Norman Mailer est né en 1923 à Long Branch dans le New Jersey. Sergent lors de la Seconde Guerre mondiale, il publie en 1948 Les Nus et les Morts, qui le rend célèbre. En 1955, Le Parc aux cerfs est refusé par dix éditeurs avant de faire scandale à sa publication.

 

Le Parc aux cerfs (1955)

Première partie

Chapitre 6

Je ne me rappelle pas avoir jamais parlé de l'orphelinat, du moins depuis mon entrée à l'Armée de l'Air. J'avais un désir intense de ressembler à tout le monde, du moins à tous files camarades, et pour y arriver j'avais participé à un tournoi de boxe, ce qui m'avait permis d'entrer à l'école des pilotes.
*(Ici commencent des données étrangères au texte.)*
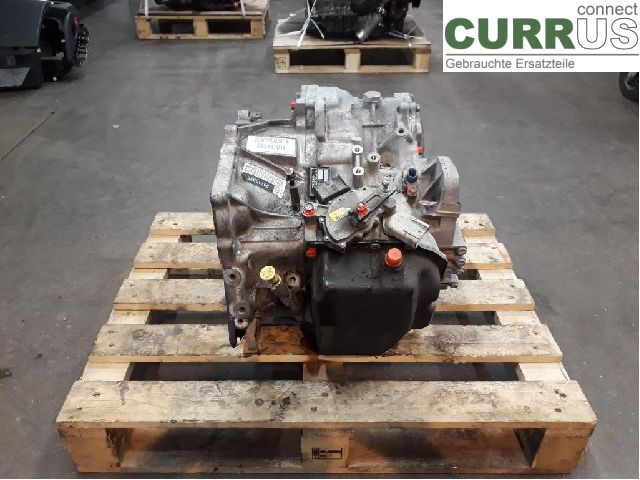 VOLVO S60      05-10 Gearbox (Automatic) 8251834 B5244S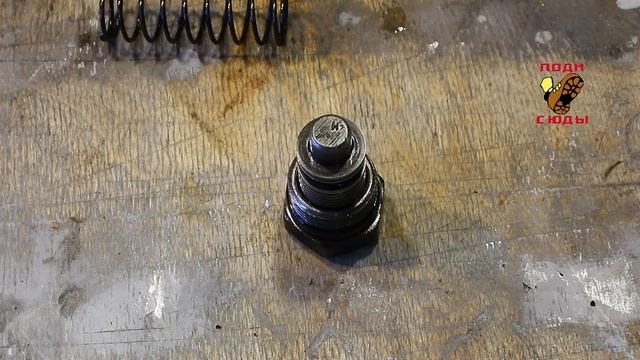 УРА! Не клинит ГУР! Ремонт ГУР ШНКФ (Газель / Соболь).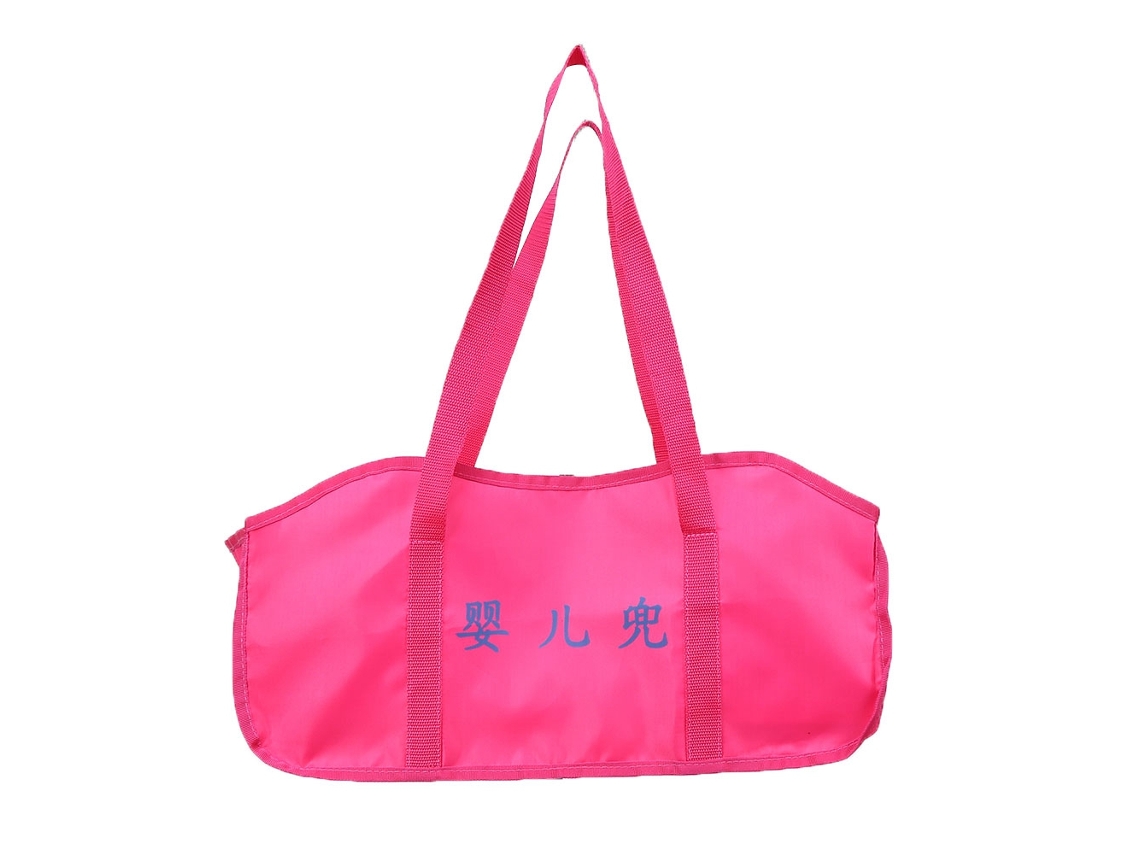 Bolsa portátil AQUAFORGE para pesagem de bebês e crianças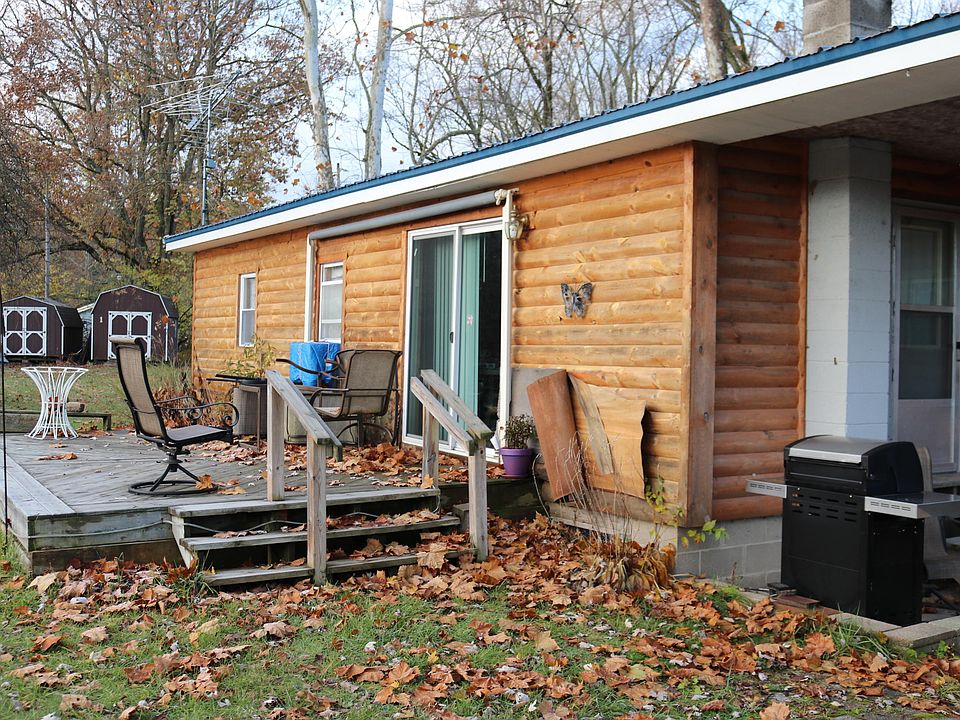 11846 S Riverman St, Grant, MI 49327 | Zillow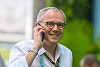 Foto zur News: Wegen Katar GP: Domenicali bedankt sich mit einem Brief bei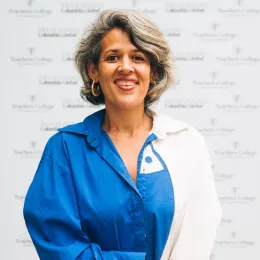 Photo of Julia Carvalho Silva Sobreira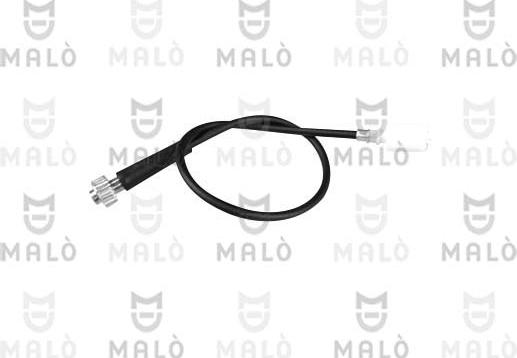 AKRON-MALÒ 25147 - Тросик спидометра abcparts.ee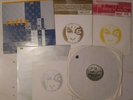 5 Original Formation Records - Ratty - MA1 - Tekniq - Jumping Jack Frost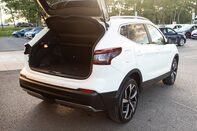 Nissan Qashqai DIG-T N-MOTION 36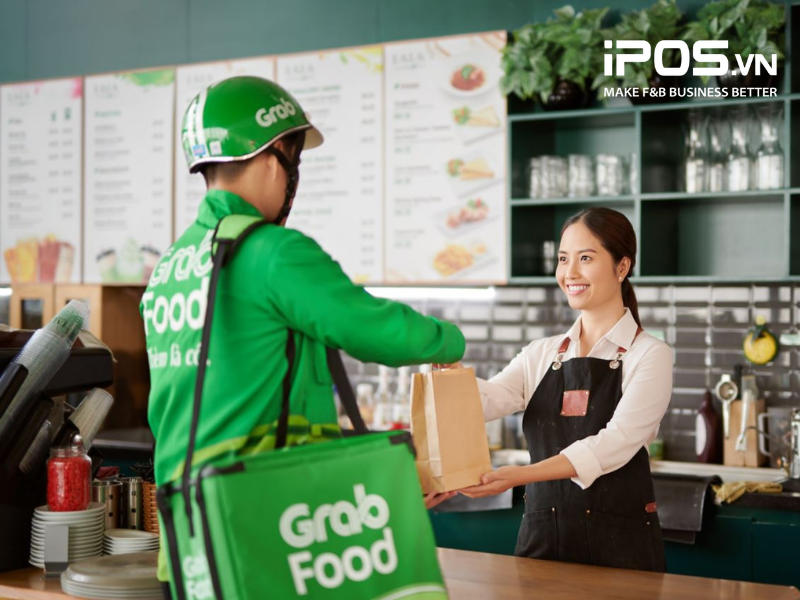 Theo dõi xem món ăn nào bán chạy nhất, bán chậm nhất tạo cơ sở để điều chỉnh kế hoạch kinh doanh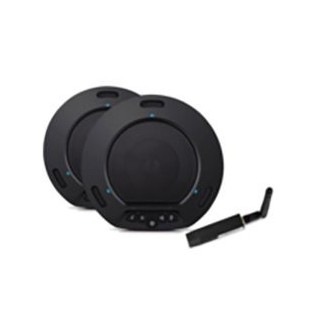 laia laia cute  tpd  t pod dual, dispositivo tipo speakerphone de sobremesa con conectividad wifi. 2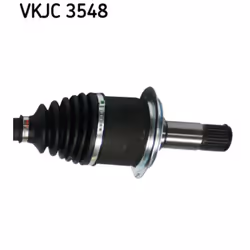Arbre de transmission SKF VKJC 3548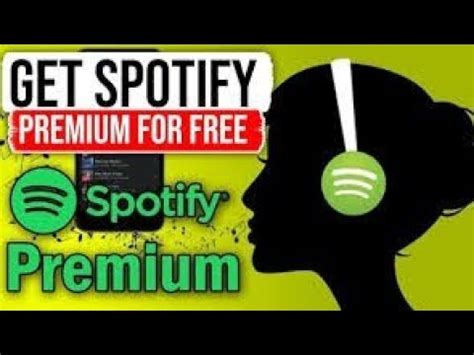 Spotify premium tanpa iklan - YouTube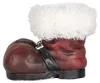 Clayre & Eef bloempot in de vorm van een laars, 26x26x20 Productafbeelding-voorbeeld 4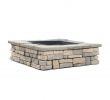 Fireplace Brick Liner Lovely 9 Fire Pits Natural Gas You Might Like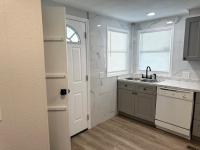 1981 Glen Manufactured Home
J'y avais travaillé dur. Rien ne me semblait aussi important que de réussir.

Il est difficile de dire ce que cela signifie: être pilote. J'avais des amis que je croyais à toute épreuve. Au combat, machinalement, au gré des circonstances, j'avais sauvé deux ou trois fois d'autres pilotes, qui m'avaient rendu la pareille. Cela créait des liens entre nous. Nous savions que nous étions différents des autres et, pour une fois dans ma vie, il me semblait que j'avais une famille.

Cela aussi s'écroula. Je puis même dire le jour où la chose arriva. Ce ne fut pas au cours d'un combat. Se battre contre un appareil ennemi est une chose impersonnelle. Elle comporte l'agréable excitation de toute compétition impersonnelle. Je n'ai jamais eu, ensuite, d'autre sentiment que celui d'avoir gagné une partie au jeu. En période de vol, j'étais calme, comme nous l'étions tous, mais c'étaient les seuls moments de ma vie où j'étais heureux, où je ne désirais pas être ailleurs. Je ne pensais jamais à ce que je ferais après avoir quitté l'Armée de l'Air.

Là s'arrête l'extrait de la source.